CSCI4390-6390 Assign8

Assign8: Support Vector Classification

Due Date: Nov 25, before midnight (11:59:59PM)


Dataset

Download the Steel Industry Energy Consumption Dataset from the UCI Machine Learning repository. Extract the Steel_industry_data.csv datafile. You should parse and store the data as a data matrix, focusing only on the 6 continuous attributes (see datafile or link above for names/descriptions). Thus, your data matrix will have 35040 points in 6 dimensions. However, in addition you should record the last attribute (load type) for each point. We will use this as the class label. However, instead of three classes, we will use 'Light Load' as the positive class (+1) and the other two classes (combined) as the negative class (-1), so that we get a binary classification task.

First use random seed 42, and np.random.permutation to permute the points, and select only the first 2000 points as the initial dataset. Next, Use sklearn.train_test_split, using 42 as the random_state, to create the training and testing data, using 80-20 split (i.e., 80% of the data as training and the remaining 20% as testing). So the training set will have 1600 points and testing points 400 points.


Part I: SVM

You will implement the dual SVM Algorithm 21.1 (Chapter 21, page 540), using hinge loss.

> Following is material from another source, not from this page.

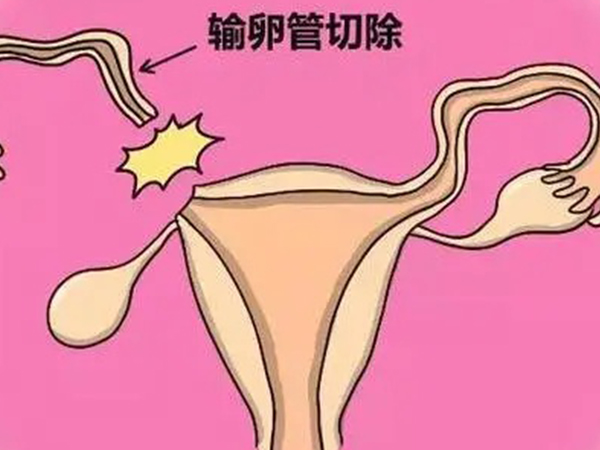 宫外孕可能会切除输卵管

You must implement two kernels, namely, both linear and Gaussian. You must select the best $C$ value using the validation set, and the same goes for the spread parameter $\sigma^2$ for the Gaussian kernel.

Report the test accuracy for the different kernels, and the best value of the hyperparameters, that should be selected based on the validation accuracy.

Accuracy is defined as the number of correct predictions over the number of points in a given dataset (e.g., validation set or testing set).

CSCI6390

In addition, you must also implement the inhomogeneous polynomial kernel. You need to select the best degree and $C$ value.

Report the test accuracy and the best hyperparameters used based on the validation accuracy.


Part II: Questions

Submit your solutions to the following questions:

  • Chapter 21: Q1, Q2
  • Chapter 25: Q1

What to submit

  • Submit your notebook named as assign8.ipynb. Include your paper-pencil answers as images in the notebook as well.

Policy on Academic Honesty

You are free to discuss how to tackle the assignment, but all coding must be your own. Any AI tool use must be declared. Any students caught violating the academic honesty principle (e.g., code similarity, or failure to disclose AI tools) will get an automatic F grade on the course and will be referred to the dean of students for disciplinary action.